__About this exercise__
One part of the entries below is wanted: the lines from the one containing "So that's going" through the one containing "So it says the". Write those out exactly and nothing else.

__The records__
'''
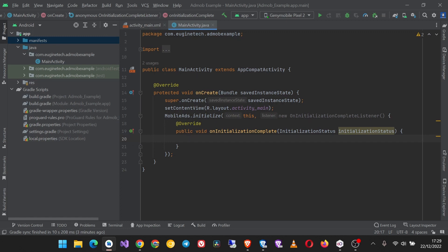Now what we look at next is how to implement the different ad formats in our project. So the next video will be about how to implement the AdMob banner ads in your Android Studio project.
'''
'''
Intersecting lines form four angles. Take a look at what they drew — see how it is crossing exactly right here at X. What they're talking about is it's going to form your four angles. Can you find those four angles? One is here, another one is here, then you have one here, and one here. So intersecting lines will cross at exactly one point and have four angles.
'''
'''
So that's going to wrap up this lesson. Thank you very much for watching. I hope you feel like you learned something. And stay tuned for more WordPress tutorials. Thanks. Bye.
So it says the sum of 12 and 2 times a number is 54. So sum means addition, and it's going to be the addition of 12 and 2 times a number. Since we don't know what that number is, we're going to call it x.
'''
__Output of the exercise__
So that's going to wrap up this lesson. Thank you very much for watching. I hope you feel like you learned something. And stay tuned for more WordPress tutorials. Thanks. Bye.
So it says the sum of 12 and 2 times a number is 54. So sum means addition, and it's going to be the addition of 12 and 2 times a number. Since we don't know what that number is, we're going to call it x.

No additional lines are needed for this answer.